А мы уже видели, что те, кого древние звали Ларами и Героями, были не что иное, как души умерших, которым человек приписывал сверхчеловеческое могущество и божественность. Воспоминание о каком-либо из этих священных мертвецов было всегда связано с очагом. Поклоняясь одному, нельзя было забыть другого. Оба они были соединены в почитании людей и в их молитвах. Потомки, говоря об очаге, охотно упоминали при этом имя предка: «Покинь это место, — говорит Орест Елене, — и подойди выслушать мои слова к древнему очагу Пелопса»! Также и Эней, говоря об очаге, который он перевозил с собою через моря, называет его именем Лара Ассарака, как бы видя в этом очаге душу своего предка.

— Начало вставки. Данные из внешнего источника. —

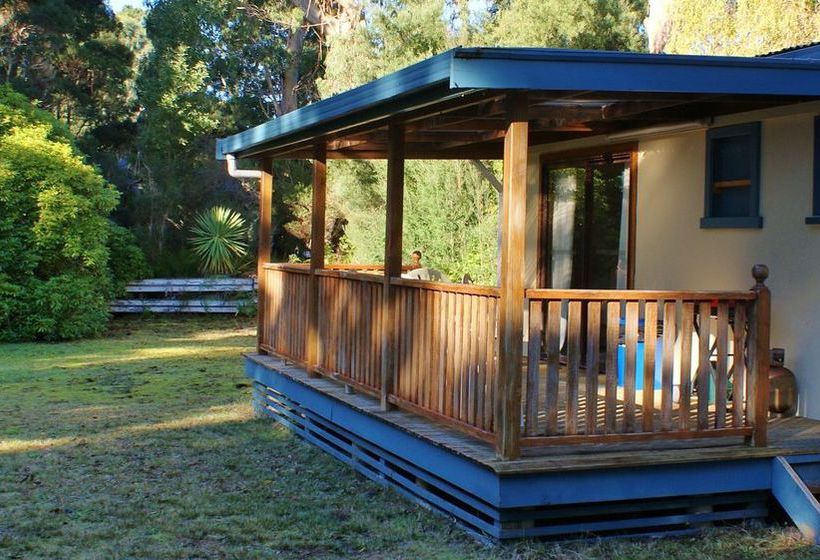 فندق Strahan Retreat Holiday Park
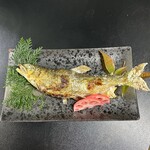 旬彩酌ビストロ志摩半島 - 季節の一品鮎塩焼き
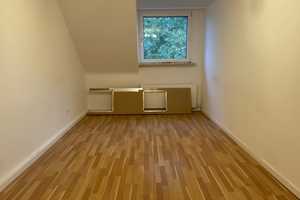 Top gepflegte 2 Zimmer Wohnung im Dachgeschoss – Königssteiner Straße XY, 45145 Essen – Vorschaubild 7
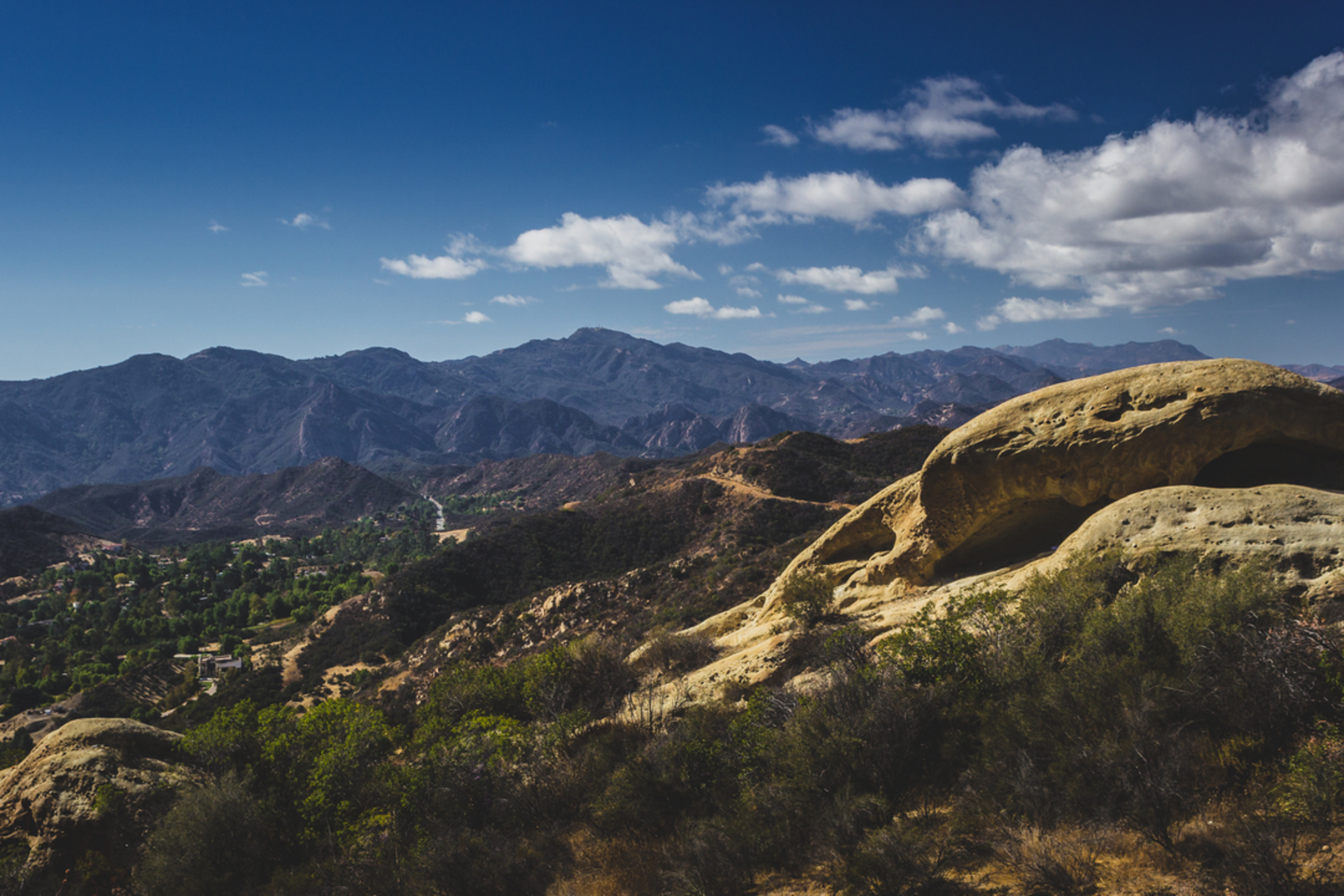 An image depicting the trail Topanga Community House Trail and its surrounding area.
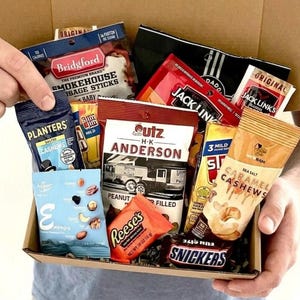 Snack Care Package, College Student Gift Box, Roommate Snack Gift, Sweet Salty Treats, Snack Gift Box with Custom Message Card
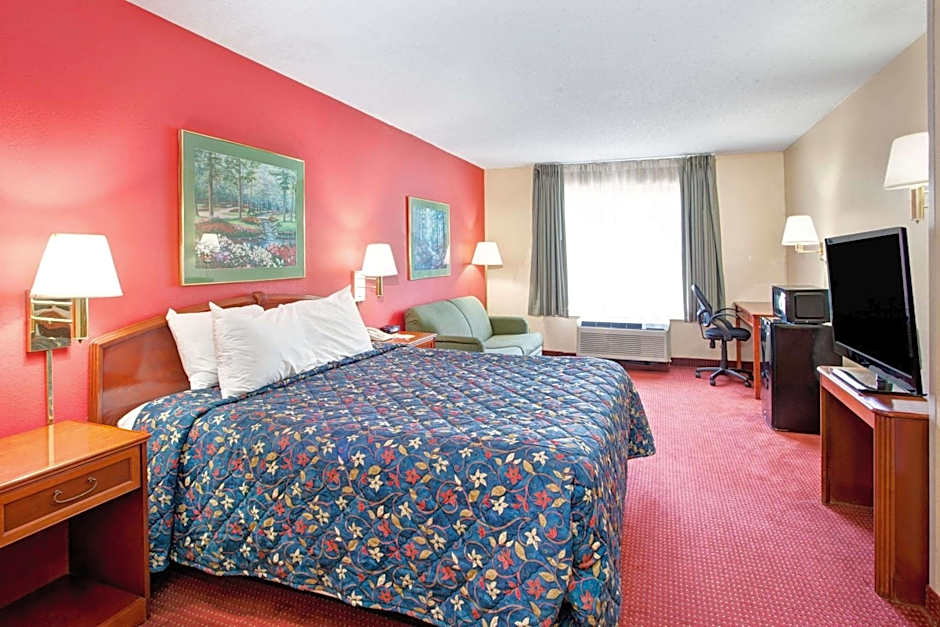 Days Inn by Wyndham Marietta-Atlanta-Delk Road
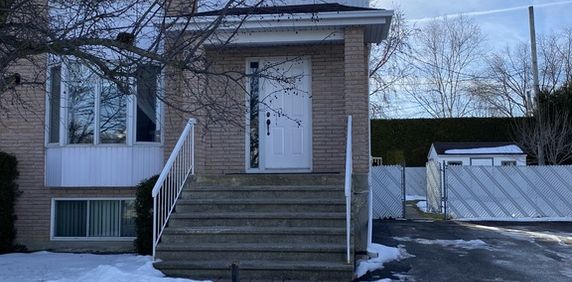 Grand 51/2 Sur Deux étages - Photo 2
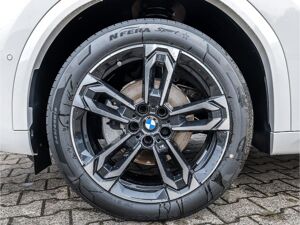 BMW iX2 eDrive20 M Sport HUD ACC 360°KAM RFK NAVI bild 4
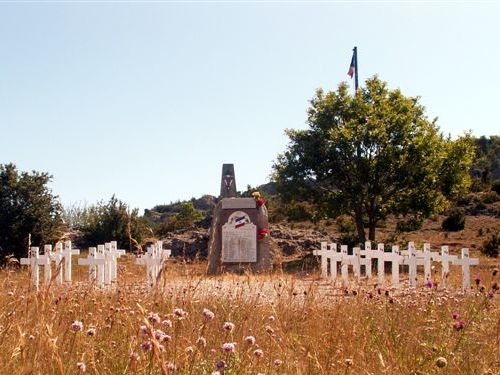 Monument en Graven Omgekomen Verzetsstrijders #1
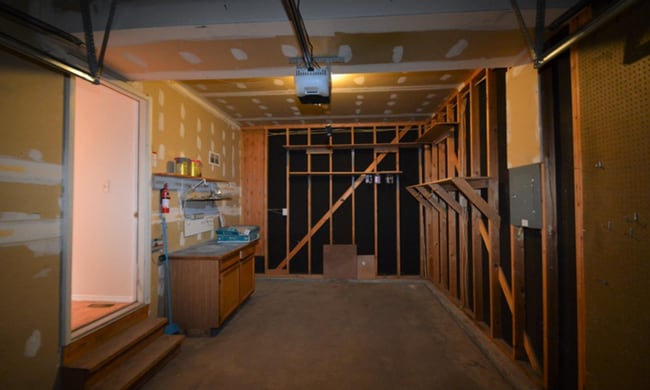 Building Photo - D20 Schools with Open Space Views!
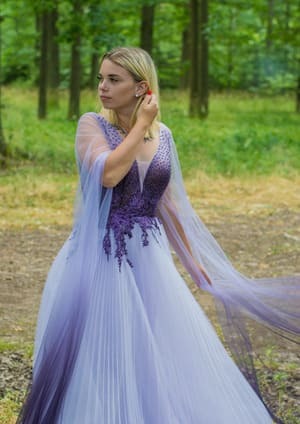 Obrázek ženy s fialovými společenskými šaty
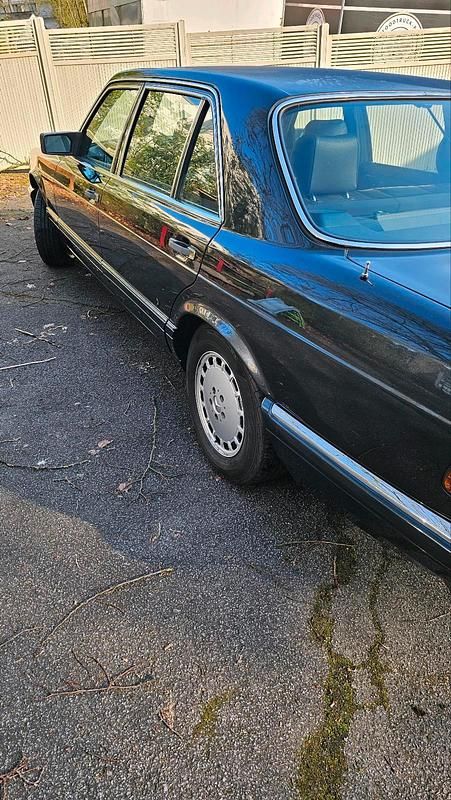 Gebraucht Mercedes 560 279 PS (205 kW) 1989 Schwarz Limousine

Грамматик Сервий, обладавший весьма большими знаниями по части греческих и римских древностей (в его время они изучались гораздо больше, чем во времена Цицерона), говорит, что в глубокой древности существовал обычай погребать умерших в домах, и затем добавляет: «Вследствие этого обычая в домах именно и воздавалось поклонение Ларам и Пенатам». Эта фраза ясно восстановляет древнее соотношение между культом мертвых и очагом. Можно, следовательно, думать, что домашний очаг был вначале лишь символом культа мертвых, что под камнем этого очага покоился какой-либо предок, и огонь возжен был в его честь: огонь этот как будто поддерживал его жизнь или представлял собою его вечно бодрствующую душу.
Это не более как догадка, и у нас нет достаточных данных для ее подтверждения. Одно лишь достоверно — это что древние племена той расы, из которой вышли греки и римляне, исповедывали культ мертвых и очага, древнюю религию, взявшую своих богов не из физической природы, но изнутри самого человека, предметом поклонения которой было существо невидимое, находящееся в нас, сила духовная и разумная, которая оживляет наше тело и управляет им.
Не всегда одинаково сильна была могущественная власть этой религии над человеческой душой; она ослабевает мало-помалу, но не исчезает совершенно. Современница первых веков арийской расы, она укоренилась так глубоко и сильно в ее недрах, что блестящая религия греческого Олимпа была не в силах искоренить ее, и для этого должно было явиться христианство.
Мы скоро увидим, какое могущественное влияние оказала эта религия на домашние и общественные учреждения древних. Она возникла и установилась в ту отдаленную эпоху, когда индоевропейская раса вырабатывала свои учреждения, и она определила путь, по которому затем пошли народы.